Gamma rays from this supernova remnant have been seen by telescopes since 2007, but exceptionally energetic light wasn’t detected until 2020, when it was picked up by the HAWC Observatory in Mexico, piquing the interest of scientists hunting for galactic PeVatrons. When gamma rays reach our atmosphere, they can produce showers of charged particles that can be measured by telescopes on the ground. With data from HAWC, scientists were able to work backward and determine that these showers came from gamma rays emanating from the supernova remnant. But they were unable to say whether the light was generated by protons or speedy electrons—which can also radiate gamma rays, as well as lower-energy x-rays and radio waves.

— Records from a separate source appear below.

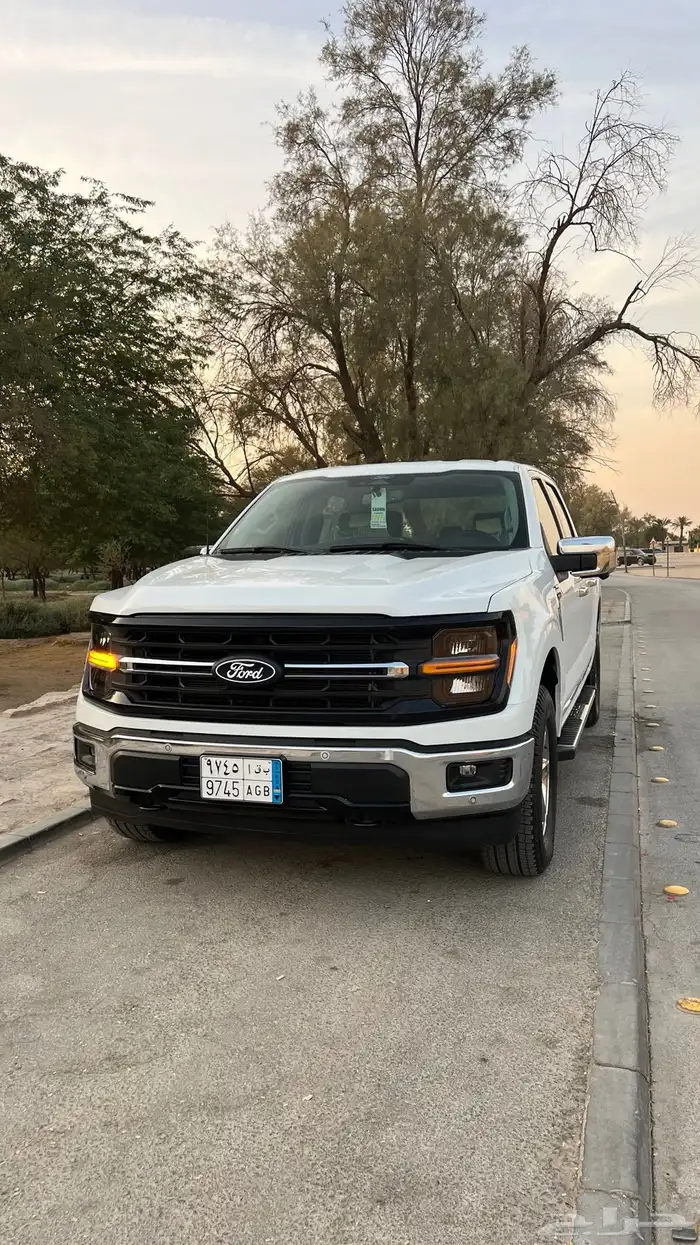 للبيع فورد أف F150 XLT جديد ممشى1250 كيلو فقط V8 أبيض 2025 0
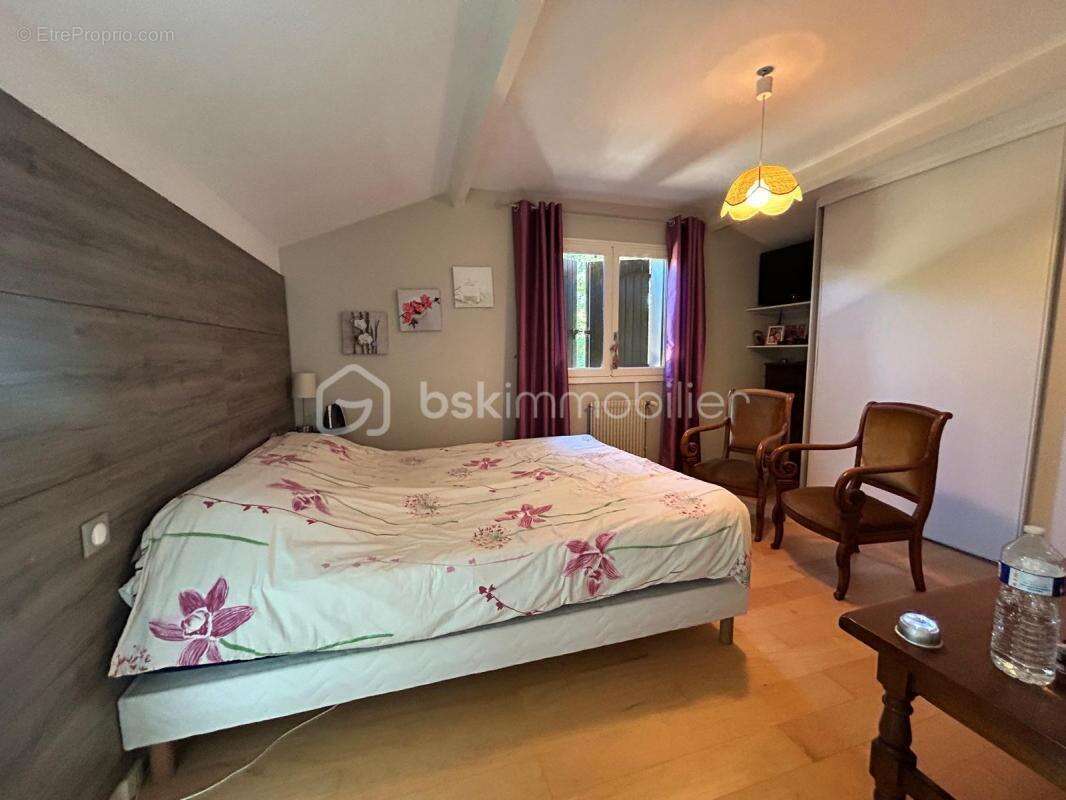 Maison à AUBIE-ET-ESPESSAS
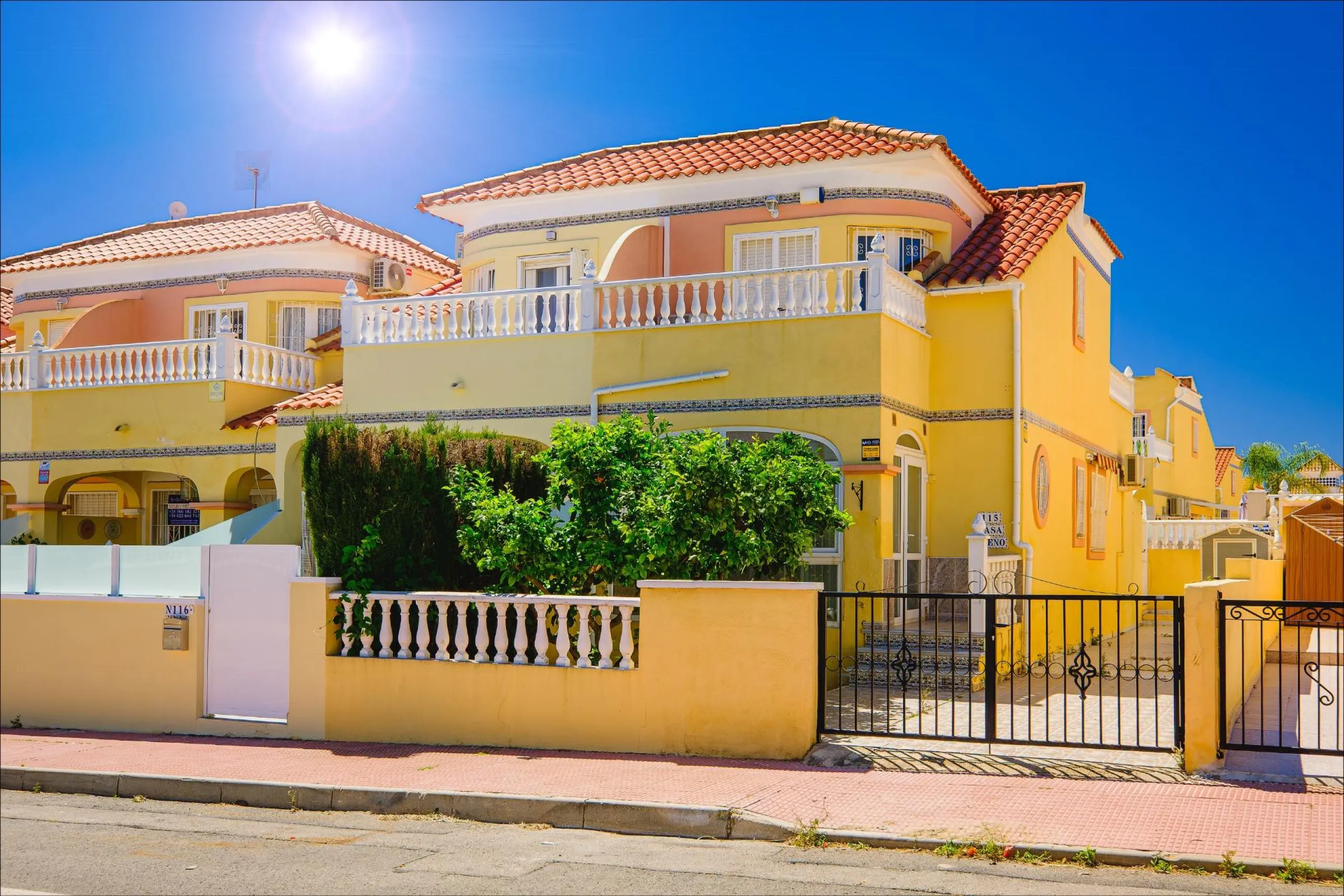 REFORMED TOWNHOUSE WITH SEA VIEWS IN "LAS FILIPINAS" ORIHUELA COSTA. WITH POOL. 3 BEDROOMS. 2 BATHROOMS. WITH A SURFACE OF 84 M2.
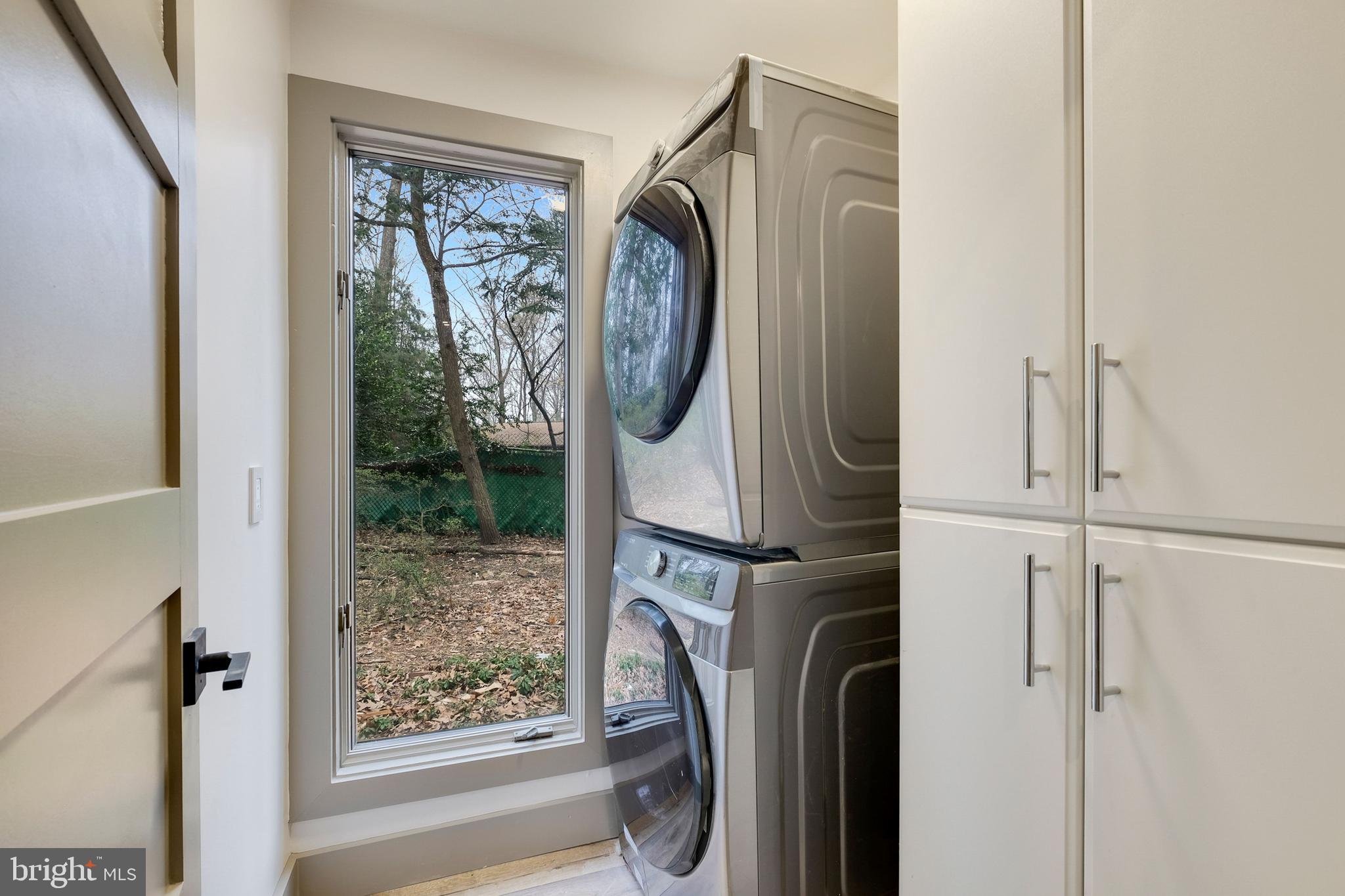 POTOMAC OUTSIDE - Residential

To prove that PeV protons were the culprits, Fang’s research team compiled data across a broad range of energies and wavelengths that had been collected by 10 different observatories over the past decade. Then they turned to computer simulations. By tweaking different values, like the strength of the magnetic field or the density of the gas cloud, the researchers tried to reproduce the conditions necessary to account for all the different wavelengths of light they had observed. No matter what they adjusted, electrons couldn’t be the only source. Their simulations would only match the highest energy data if they included PeV protons as an additional source of light.
“We were able to exclude that this emission is dominantly produced by electrons because the spectrum we got out just wouldn’t match the observations,” says Henrike Fleischhack, an astronomer at the Catholic University of America who had first attempted this analysis two years ago with just the HAWC data set. Doing a multiwavelength analysis was key, Fleischhack says, because it allowed them to show, for example, that increasing the number of electrons at one wavelength led to a mismatch between data and simulation at another wavelength—meaning the only way to explain the full spectrum of light was with the presence of PeV protons.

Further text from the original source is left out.